麻酔の影響で乳輪付近が収縮し、むくんでいますが大きな腫れには見えません。

≪手術当日帰宅時≫
手術が終わるとガーゼを乳頭部分にのせます。
このガーゼは乳頭部分からわずかににじんでくる出血を吸い取るためのガーゼです。
ガーゼの厚みが1cm弱くらいあるので、タイトな下着ではなくワイヤーなしのカップつきタンクトップなどを着用するとよいでしょう。
(そのため、持っていない方はあらかじめ手術前に用意しておくことをお勧めします。
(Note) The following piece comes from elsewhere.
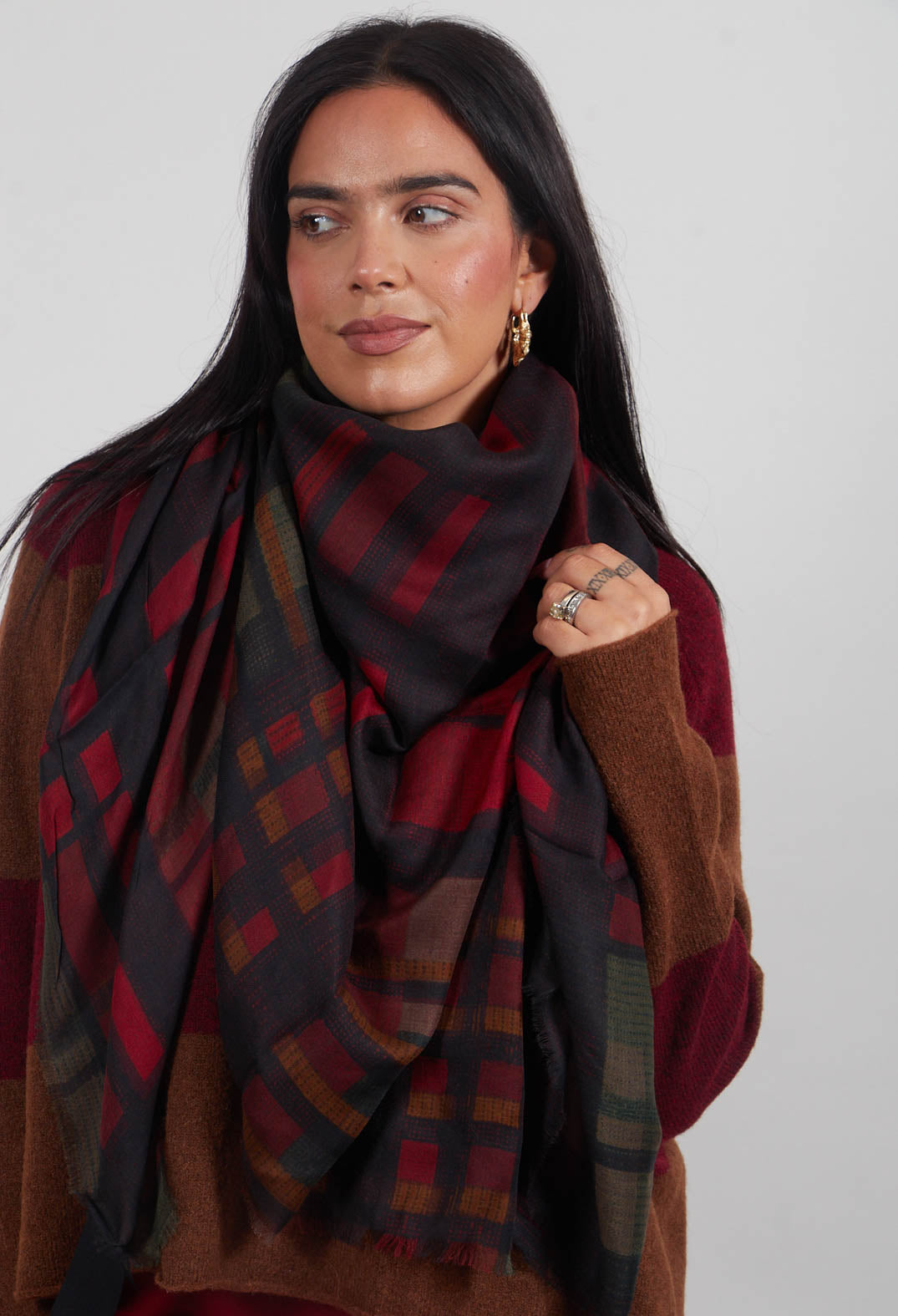 Oversized Scarf in Check Multicolor - 3361404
)
乳頭縮小術は大きな手術ではないため日帰りでスムーズに帰宅できます。
手術当日の夜は乳頭が少しズキズキします。痛み止めをこのとき飲む方と飲むほどでもないかなという方がいらっしゃいます。
寝るときもゆったり目の衣類で寝るとよいですよ。
うつぶせ寝は避けましょう。

≪翌日≫

手術をして24時間後くらいにガーゼを外してもらいます。
翌日から患部を含めたシャワーが可能になります。
(※ただしこれは当院の手術方法の場合に限ります。)
例えば、朝に手術を受けた場合は手術の翌日朝のシャワー時にはずして大丈夫です。
午後に手術を受けた場合には翌日の夜のシャワー時にはずして大丈夫です。
だいたい翌日までは乳頭がズキズキします。
翌日は痛み止めを飲まない方も多くいます。痛みが気になれば内服しても問題ありません。
乳輪付近がぷっくりと膨らむくらいの腫れが出ます。
乳頭が通常よりも赤く見えることが多いです。
当然ながら術前よりは小さな乳頭になっていますが、腫れがあるため手術翌日の乳頭の大きさよりも最終的にはもっと小さくなります。
手術翌日はまだ若干血液がにじむことがありますので、その場合はガーゼを挟んでおくと下着を汚さなくてすみます。

≪術後2日目≫
手術翌日にガーゼをはずすことが怖かった方は術後2日目にはずしても問題ありません。
術後2日目は多くの方は手術翌日より痛みは軽くなり、自然には痛みは気にならないことが多いです。
術後2日まで痛み止めを飲む必要がある方はさらに減ってきます。
手術後の出血はほとんどなくなりますが、場合によってはまだ少しにじむことがあります。
気になるようであればひきつづき軽くガーゼをあてておくとよいでしょう。
乳輪・乳頭の腫れはまだありますが、日常生活に支障がでるような腫れは通常ありません。
場合によって、内出血の色が乳頭や乳輪の周囲にふんわりでることがあります。
内出血自体は出ても問題ありません。

≪術後3日目以降≫

術後3日目以降は痛みは更に減り、押さなければ痛くないという方がほとんどです。
乳輪の腫れ感がひいてくる時期となります。(この頃にはほとんど腫れに見えない方もいます。)
特に変わりなく生活できます。

≪術後5日目≫

≪術後1週間≫

ほとんどの腫れ感は術後1週間程度でなくなります。
内出血の色は場合によっては乳輪付近に黄緑色などがうっすら残っていることもあります。

≪術後1~2週間≫

だいたいこの時期に抜糸を行います。
抜糸直後は糸の跡が少しついているため縫合部分がカタカタしていますが、徐々になだらかになってきます。
乳頭近くの乳輪はまだ若干硬さがあります。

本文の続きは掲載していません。